- [What is expected]: Without the images, repeat every line of the listing exactly.

- [Given information]:
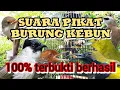 Download Lagu Suara pikat burung kebun||100% sudah terbukti berhasil.#suarapikatburungkebun 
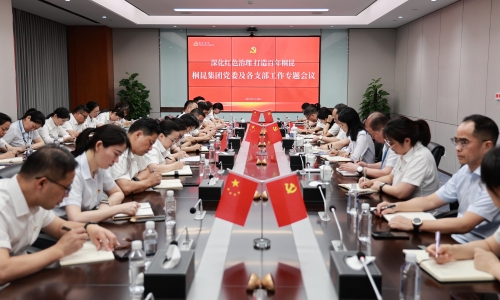 深入红色治理 打造百年NG集团丨NG集团集团党委及各支部工作专题会议成功召开！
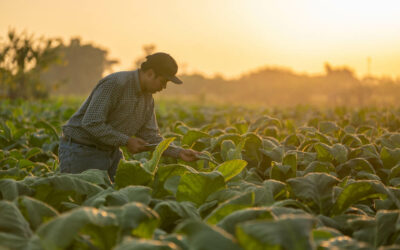 Guatemala apuesta a extender sus áreas de cultivo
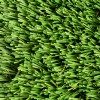ZeroLawn Classic Artificial Grass Turf 1-1/2 Inch x 15 Ft. Wide per SF Top close up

- [Answer]:
 Download Lagu Suara pikat burung kebun||100% sudah terbukti berhasil.#suarapikatburungkebun 
 深入红色治理 打造百年NG集团丨NG集团集团党委及各支部工作专题会议成功召开！
 Guatemala apuesta a extender sus áreas de cultivo
ZeroLawn Classic Artificial Grass Turf 1-1/2 Inch x 15 Ft. Wide per SF Top close up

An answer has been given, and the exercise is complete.